The test harness iterates a test function over the resulting list, recording the number of successful tests along the total:

let test_binsearch inch =
  let count = ref 0
  and pass  = ref 0 in
  List.iter (fun (Test (label, cand, vals, test)) ->
    let result =
      try ignore (binsearch vals cand); test
      with Not_found -> not test
    in
    incr count;
    if result then begin
      Printf.printf "TEST %s: PASS\n" label;
      incr pass
    end else
      Printf.printf "TEST %s: FAIL\n" label
    ) (parse_tests inch);
  Printf.printf "\nSUMMARY: Passed %d of %d tests (%.2f %%)\n"
    !pass !count (100. *. float !pass /. float !pass)

In order to be tidy about using files, I use a helper handler:

let unwind ~protect f x =
  try let y = f x in let () = protect x in y
  with e -> let () = protect x in raise e

let with_input_channel f inch = unwind ~protect:close_in f inch

The main expression turns this little (less than 90 lines of code) program into an executable suitable for command-line execution:

let () =
  let inch =
    try let fname = Array.get Sys.argv 1 in open_in_bin fname
    with Invalid_argument _ -> stdin
  in with_input_channel test_binsearch inch

That's it. Compile and execute it with:

$ ocamlopt.opt -o binsrch.exe str.cmxa binsrch.ml
$ ./binsrch.exe tests.txt > tests.out

(I'm using Cygwin here, don't hate me). The result is as expected:

TEST Problem 1: PASS
TEST Problem 2: PASS
TEST Problem 3: PASS
[snip…]
TEST Problem 4094: PASS
TEST Problem 4095: PASS
TEST Problem 4096: PASS

SUMMARY: Passed 4096 of 4096 tests (100.00 %)

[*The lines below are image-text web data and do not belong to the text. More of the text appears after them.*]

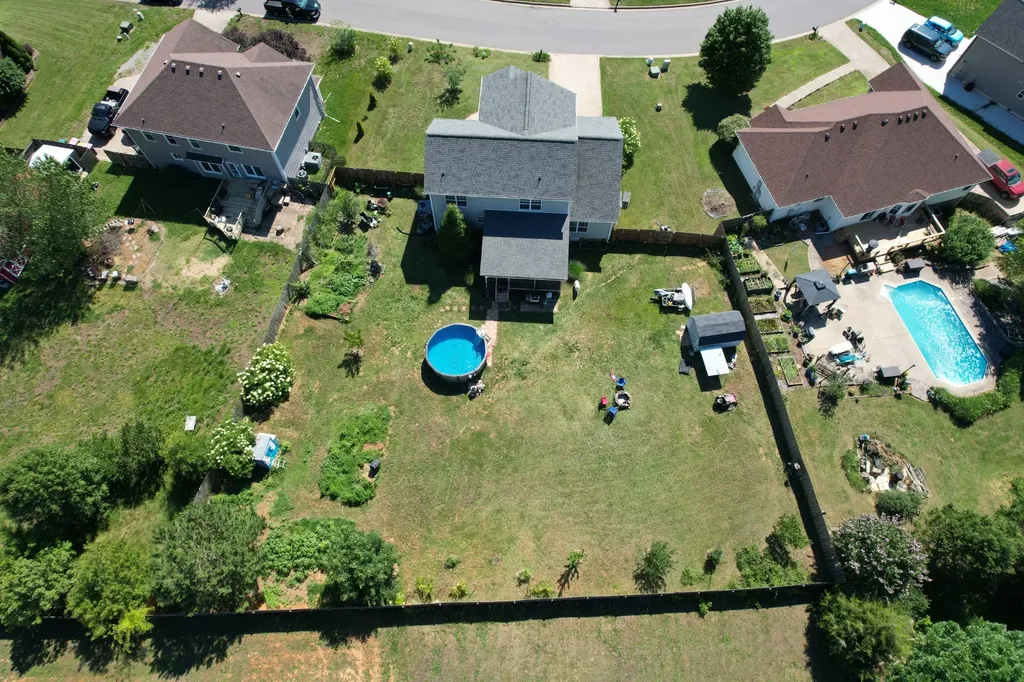 734 Cedar Grove Court Clarksville TN 37040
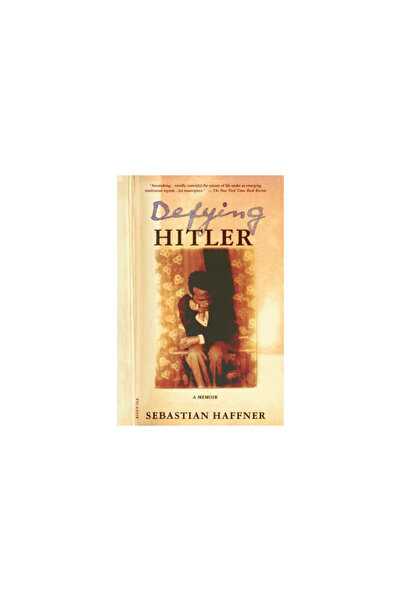 Picador USA Defying Hitler: A Memoir
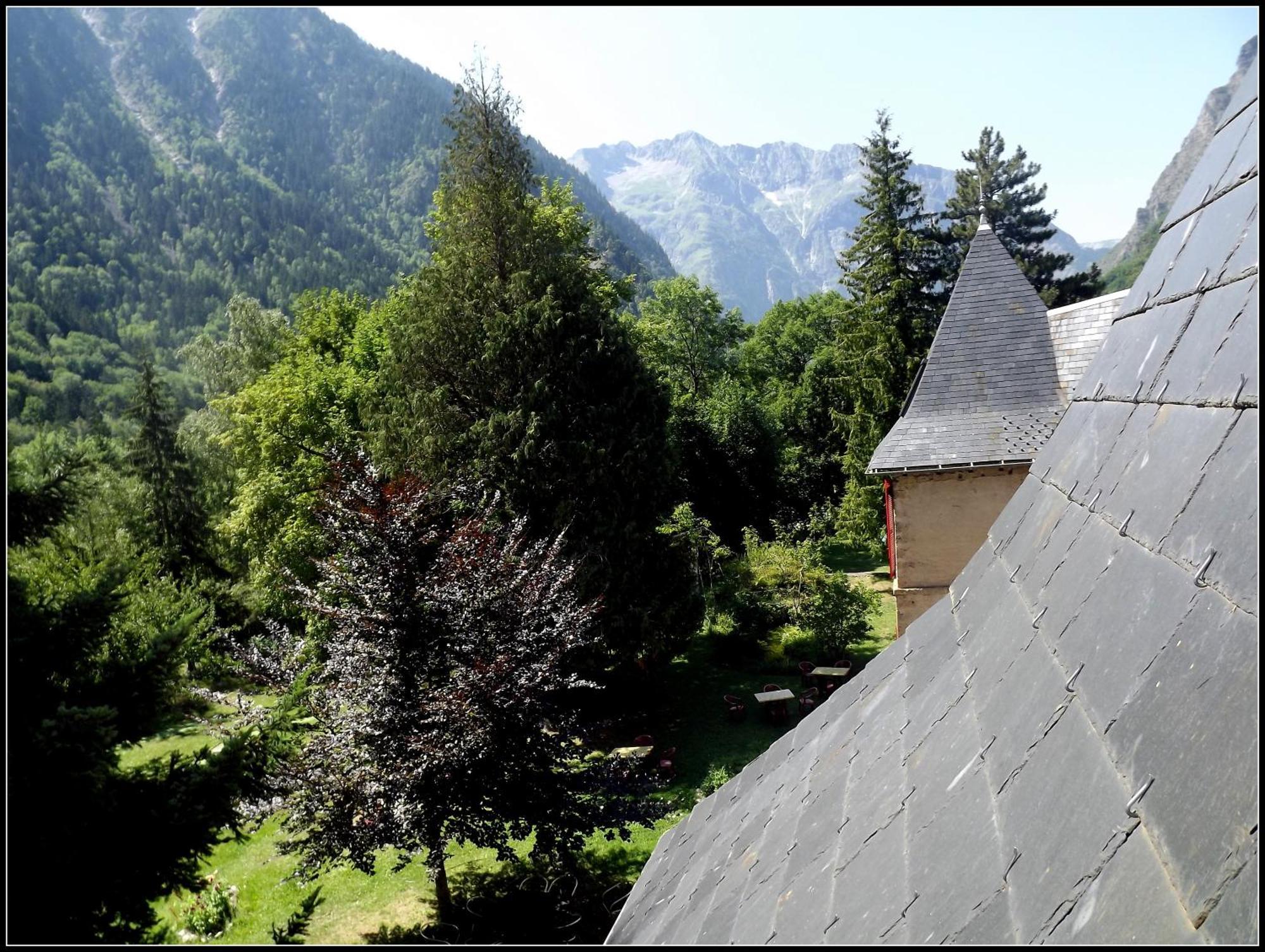Chateau De La Muzelle Vénosc 외부 사진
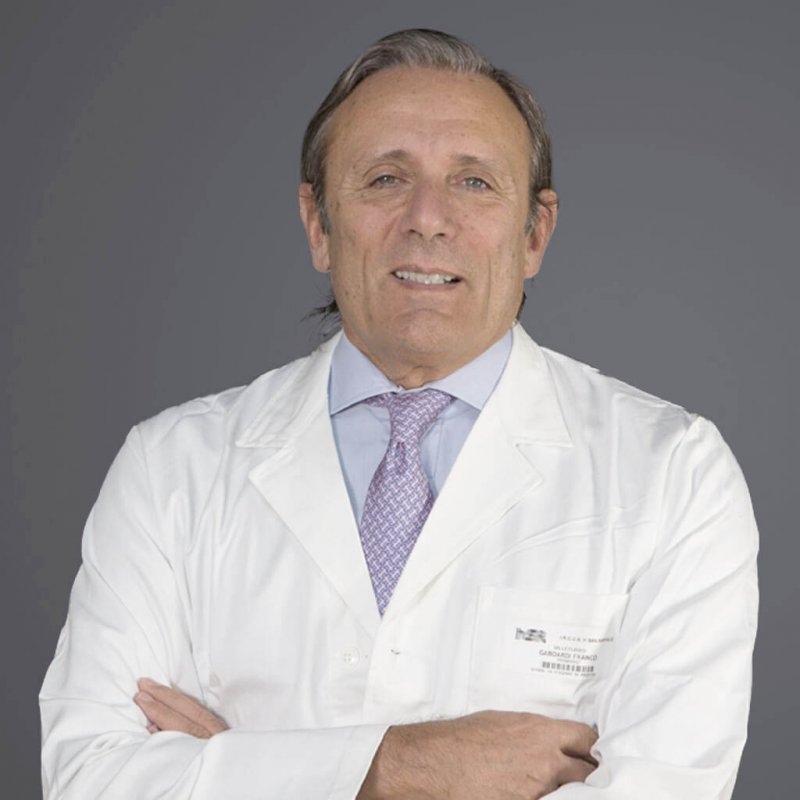 Franco Gaboardi (Франко Габоарди)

Now do yourself a favor and go read Dijkstra.

2 comments:

Anonymous said...

Could you be more specific on `the midpoint calculation cannot overflow in OCaml'?

Chris said...

Anonymous, OCaml defines Sys.max_array_size << max_int. It is possible for integer arithmetic to overflow in OCaml (e.g., (max_int + max_int)/2 is -1), but never for the midpoint calculation with valid array indices.